Фула нахмурилась, немного поворчала себе под нос, но спорить с солдатом так и не решилась. Последователям Небесной колесницы она привычно доверяла, к тому же отобрать ребенка у высокого, широкоплечего и несомненно очень сильного солдата ей явно было бы не под силу.
Так они и направились в молельню: впереди уверенно пошагал Горец с Ррузом на руках, а за ним, едва поспевая, мелкими шажками засеменила Фула. Первые несколько мгновений Рруз растерянно молчал, но за порогом комнаты сразу опомнился и громко захныкал:
– Лошадка... Моя лошадка!..
– А ну цыц! – вдруг рявкнул на него Горец.
От неожиданности Фула обмерла. А придя в себя, немедленно перешла в наступление. С трудом нагнав Горца в галерее, окружавшей внутренний дворик, она встала у него на пути, уперла руки в бока.
– Ты что, солдатик! – укоризненно промолвила она и покачала головой. – Разве с ребенком так можно – он же заикаться будет!
В ответ Горец скривился. Буркнул недовольно:
– Не твоя забота, старая! Я делаю что велено! – и, грубо оттолкнув Фулу, ускорил шаг.
– Лоша-а-адка! – совсем жалобно взвыл Рруз.
И тогда Фула совершила ошибку.
– Сейчас-сейчас, маленький... – воскликнула она и метнулась обратно в комнату. Огорчение ребенка по-прежнему беспокоило ее гораздо больше, чем странное поведение солдата.
Увы, вернуть лошадку Ррузу ей так и не удалось: той уже успел завладеть Вул. Ну не могла же Фула отобрать игрушку у одного ребенка ради того, чтобы успокоить другого! Некоторое время она растерянно стояла посреди комнаты, а затем поспешно подхватила валявшийся в углу тряпичный мячик. Конечно, любимую игрушку Рруза мячик заменить не мог – но что еще Фула могла предложить расстроенному ребенку?
Разумеется, она потеряла время. И когда вновь очутилась в галерее, ни Горца, ни Рруза там уже не было.
И вот тогда наконец Фула всполошиласьне на шутку. И неожиданно грубое обращение Горца с Ррузом, и его ни с чем несообразное желание привести маленького мальчика к меркаве, и, наконец, его внезапное исчезновение вместе с ребенком – всё это не просто выглядело подозрительно, но наводило на самые черные мысли.

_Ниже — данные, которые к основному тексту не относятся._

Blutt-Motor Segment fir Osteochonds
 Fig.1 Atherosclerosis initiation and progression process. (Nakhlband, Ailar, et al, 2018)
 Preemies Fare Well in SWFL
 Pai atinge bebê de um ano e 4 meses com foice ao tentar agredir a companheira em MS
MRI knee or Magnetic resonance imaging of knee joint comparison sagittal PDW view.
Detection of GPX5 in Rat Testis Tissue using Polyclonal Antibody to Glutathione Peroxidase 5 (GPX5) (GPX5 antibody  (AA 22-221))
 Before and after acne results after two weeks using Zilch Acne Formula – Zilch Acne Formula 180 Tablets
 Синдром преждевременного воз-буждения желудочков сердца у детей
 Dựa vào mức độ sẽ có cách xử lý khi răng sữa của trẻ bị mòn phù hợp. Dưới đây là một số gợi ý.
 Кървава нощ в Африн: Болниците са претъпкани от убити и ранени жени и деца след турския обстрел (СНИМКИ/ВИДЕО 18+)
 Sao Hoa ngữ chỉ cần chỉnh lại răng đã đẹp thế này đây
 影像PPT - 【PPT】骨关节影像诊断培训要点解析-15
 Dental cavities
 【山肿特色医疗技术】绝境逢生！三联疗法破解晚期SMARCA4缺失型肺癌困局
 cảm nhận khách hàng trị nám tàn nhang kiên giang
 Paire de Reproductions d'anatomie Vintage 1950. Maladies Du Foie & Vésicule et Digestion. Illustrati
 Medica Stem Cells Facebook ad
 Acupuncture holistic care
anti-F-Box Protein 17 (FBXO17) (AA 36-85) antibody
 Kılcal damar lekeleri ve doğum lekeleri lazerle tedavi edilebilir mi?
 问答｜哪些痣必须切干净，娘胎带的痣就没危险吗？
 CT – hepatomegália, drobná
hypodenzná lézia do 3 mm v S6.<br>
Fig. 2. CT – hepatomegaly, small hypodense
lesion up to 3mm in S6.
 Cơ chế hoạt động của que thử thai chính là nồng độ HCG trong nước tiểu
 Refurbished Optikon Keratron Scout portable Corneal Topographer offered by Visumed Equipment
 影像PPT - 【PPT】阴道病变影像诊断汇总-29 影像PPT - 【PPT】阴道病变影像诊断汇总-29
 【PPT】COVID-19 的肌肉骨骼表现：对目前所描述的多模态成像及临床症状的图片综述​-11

Раздумывать Фула не стала. Так и не выпустив мячика из руки, она немедленно бросилась за солдатом в погоню. Путь к молельне был ей привычен: сначала галерея, потом лестница вниз, потом подземный ход...
Где-то на середине пути Фулу стали одолевать сомнения. А что если Горец понес Рруза вовсе не к меркаве, что если он вообще не член их общины, а просто самозванец? Да мало ли зачем солдат мог похитить ребенка и мало ли куда с ним направился!
И все-таки она не остановилась, а продолжила путь – спотыкаясь на бегу и отчаянно ругая себя за непростительную доверчивость. Выбора у нее все равно не было. Если Горец действительно направился в молельню, оставалась надежда его нагнать. А если он солгал – то за пределами дома Фула его все равно бы уже не отыскала.